EXERCISE DETAILS: Each line of data below must be printed exactly as written, with any pictures removed.

INPUT DATA:
◇ ◇ ◇ ◇ ◇ ◇ ◇

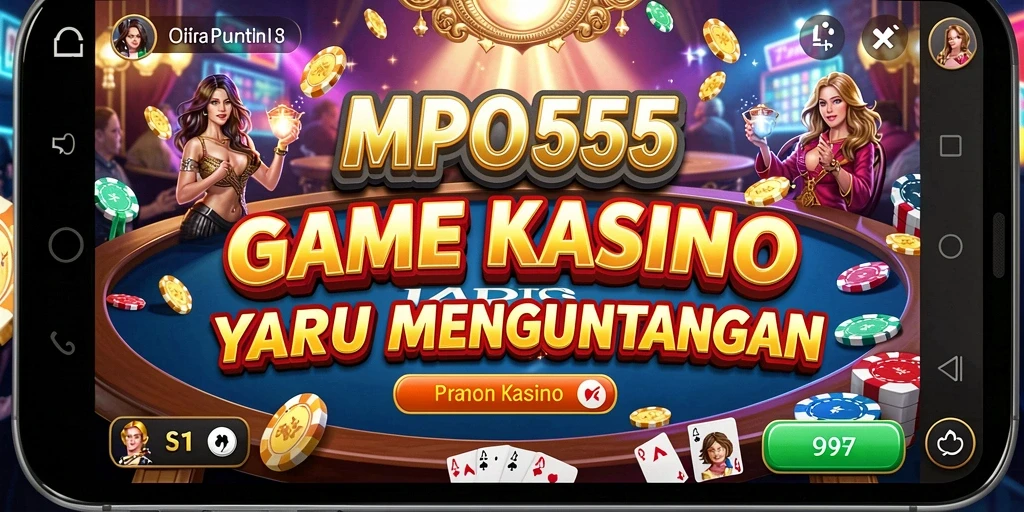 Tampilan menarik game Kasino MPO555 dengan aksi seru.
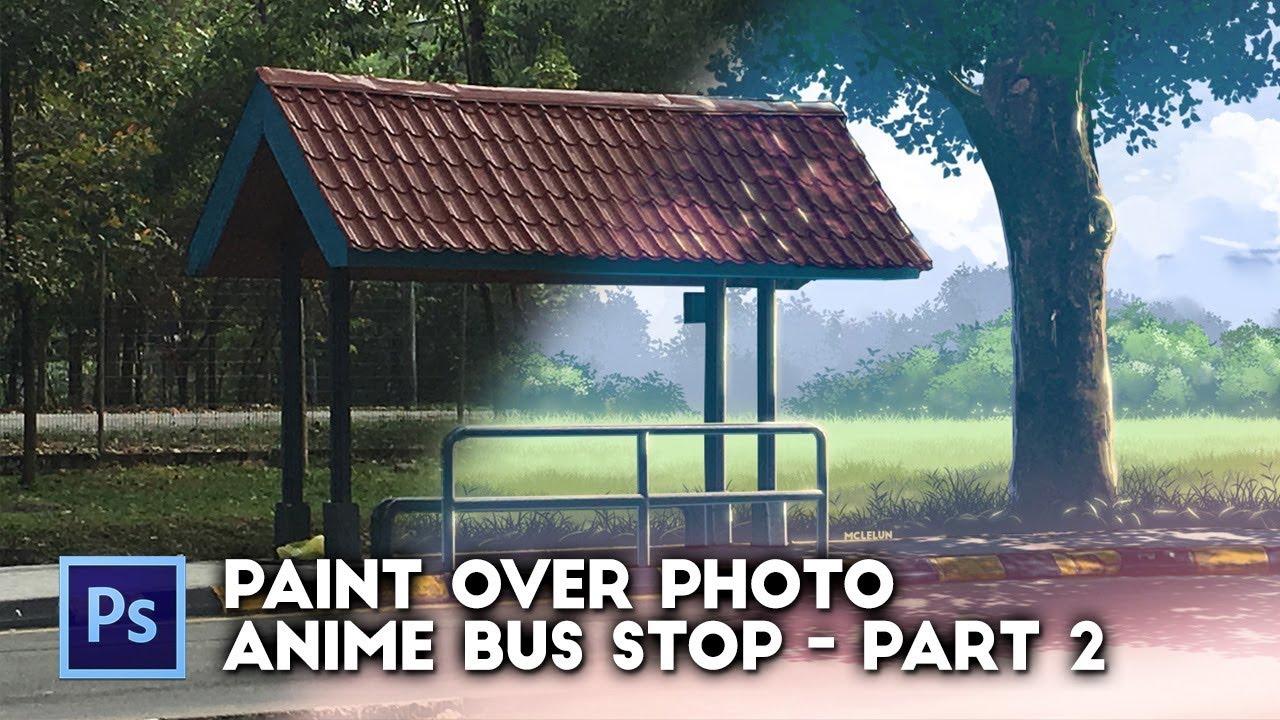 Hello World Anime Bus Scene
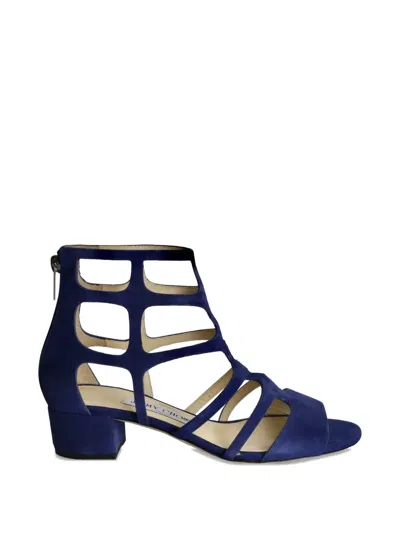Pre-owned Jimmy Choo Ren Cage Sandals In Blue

◇ ◇ ◇ ◇ ◇ ◇ ◇

ANSWER FOR THIS EXERCISE:
 Tampilan menarik game Kasino MPO555 dengan aksi seru.
 Hello World Anime Bus Scene
Pre-owned Jimmy Choo Ren Cage Sandals In Blue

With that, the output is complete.